Sous prétexte de s’inquiéter, il cherchait mes défauts – jusqu’à ce que je demande le divorce

— T’as pensé à prendre une veste ? Tu sais bien qu’il va pleuvoir, dit Philippe, sans même lever les yeux de son smartphone.
Son ton n’a rien de tendre, ni de chaleureux. Un soupir, une pointe sèche, à mi-chemin entre le constat et la réprimande ordinaire pesant sur ma poitrine.
« Oui, Philippe, j’ai pensé », murmuré-je en attrapant la vieille veste grise — celle qui pend depuis 2010 derrière la porte. Même dans le plus banal, il trouve à redire.
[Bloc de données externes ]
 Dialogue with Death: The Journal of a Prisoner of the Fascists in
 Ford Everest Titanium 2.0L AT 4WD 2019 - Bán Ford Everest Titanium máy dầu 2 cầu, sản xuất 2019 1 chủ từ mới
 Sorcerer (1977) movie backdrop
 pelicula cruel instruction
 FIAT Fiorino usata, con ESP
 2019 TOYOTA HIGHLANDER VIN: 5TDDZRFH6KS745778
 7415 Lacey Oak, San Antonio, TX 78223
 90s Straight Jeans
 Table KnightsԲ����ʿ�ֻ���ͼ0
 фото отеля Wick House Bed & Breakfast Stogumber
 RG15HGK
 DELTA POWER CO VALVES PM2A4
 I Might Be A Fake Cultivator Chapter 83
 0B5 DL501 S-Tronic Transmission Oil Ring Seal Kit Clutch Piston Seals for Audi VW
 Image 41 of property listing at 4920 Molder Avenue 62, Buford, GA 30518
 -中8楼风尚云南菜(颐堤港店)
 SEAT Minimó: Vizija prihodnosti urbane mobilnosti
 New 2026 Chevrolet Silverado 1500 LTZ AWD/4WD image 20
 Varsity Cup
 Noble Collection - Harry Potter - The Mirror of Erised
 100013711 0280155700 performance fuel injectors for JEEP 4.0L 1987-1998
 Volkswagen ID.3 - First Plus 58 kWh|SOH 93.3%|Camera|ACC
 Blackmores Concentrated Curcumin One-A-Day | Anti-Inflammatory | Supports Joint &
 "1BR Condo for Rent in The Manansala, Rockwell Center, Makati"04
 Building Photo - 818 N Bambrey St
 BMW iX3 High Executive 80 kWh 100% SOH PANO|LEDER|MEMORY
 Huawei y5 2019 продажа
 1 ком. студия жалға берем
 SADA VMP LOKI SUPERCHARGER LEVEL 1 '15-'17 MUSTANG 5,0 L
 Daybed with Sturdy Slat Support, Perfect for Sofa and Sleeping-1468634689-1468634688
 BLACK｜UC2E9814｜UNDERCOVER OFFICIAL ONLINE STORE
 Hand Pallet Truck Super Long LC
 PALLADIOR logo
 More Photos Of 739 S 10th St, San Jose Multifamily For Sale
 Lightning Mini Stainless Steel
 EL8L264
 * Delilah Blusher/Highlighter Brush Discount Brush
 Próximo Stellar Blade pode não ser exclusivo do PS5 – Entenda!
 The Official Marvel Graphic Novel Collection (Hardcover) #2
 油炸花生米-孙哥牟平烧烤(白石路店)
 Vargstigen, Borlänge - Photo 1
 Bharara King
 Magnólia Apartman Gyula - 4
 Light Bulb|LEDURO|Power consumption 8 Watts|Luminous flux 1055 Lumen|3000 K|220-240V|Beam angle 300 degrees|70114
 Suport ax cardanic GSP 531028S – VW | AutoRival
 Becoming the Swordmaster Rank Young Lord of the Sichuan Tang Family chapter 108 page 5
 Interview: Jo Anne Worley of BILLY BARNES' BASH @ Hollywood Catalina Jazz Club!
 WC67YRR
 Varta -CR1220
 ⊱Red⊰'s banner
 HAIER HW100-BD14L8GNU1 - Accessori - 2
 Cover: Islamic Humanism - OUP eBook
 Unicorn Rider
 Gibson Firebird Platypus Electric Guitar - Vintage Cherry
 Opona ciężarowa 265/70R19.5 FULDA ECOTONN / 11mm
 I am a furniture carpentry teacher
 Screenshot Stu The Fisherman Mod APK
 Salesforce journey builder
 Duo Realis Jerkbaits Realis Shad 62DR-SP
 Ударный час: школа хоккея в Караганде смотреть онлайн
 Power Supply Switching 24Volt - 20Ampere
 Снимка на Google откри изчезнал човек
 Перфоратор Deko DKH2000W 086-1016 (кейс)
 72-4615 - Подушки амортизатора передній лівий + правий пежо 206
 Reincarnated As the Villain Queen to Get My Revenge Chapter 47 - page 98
C’est un matin de février à Liège, froid, humide, gris. Je pars travailler chez Delhaize, rayon boulangerie. Une vie simple, en apparence. Moi, Nathalie Petit, 38 ans, deux enfants, mariée à Philippe Renard — du moins, pour quelques jours encore.

Je n’ai rien vu venir, ou plutôt, j’ai choisi de ne rien voir. Au début il disait :
— J’essaie juste de t’aider, tu sais. C’est pour ton bien.
Il voulait que je sois organisée, que la maison soit nette, que je fasse attention à ma santé, à notre argent, à mon apparence. Ça sonnait comme de l’amour — en Wallonie, on apprend très tôt à confondre le soin et le contrôle.

Mais tout a changé, ce matin glacial, il y a deux ans, quand j’ai découvert sur le téléphone de Philippe un échange de messages. Rien de compromettant – c’était une conversation banale avec son collègue, Nicolas. Mais la manière dont il parlait de moi… Comme d’une responsabilité gênante, d’un poids à gérer. « Nathalie a encore oublié d’acheter du lait. À croire qu’elle l’a fait exprès… »

Dès lors, la suspicion s’est installée dans ma tête. Les regards en coin, le silence tendu lors des repas, les petites phrases qui piquent :
— Tu pourrais éviter de porter ce pull, tu sais qu’il te grossit,
— Encore une fois, tu te laisses aller,
— T’as pensé à inscrire les enfants à la piscine ou faut que je fasse tout moi-même ?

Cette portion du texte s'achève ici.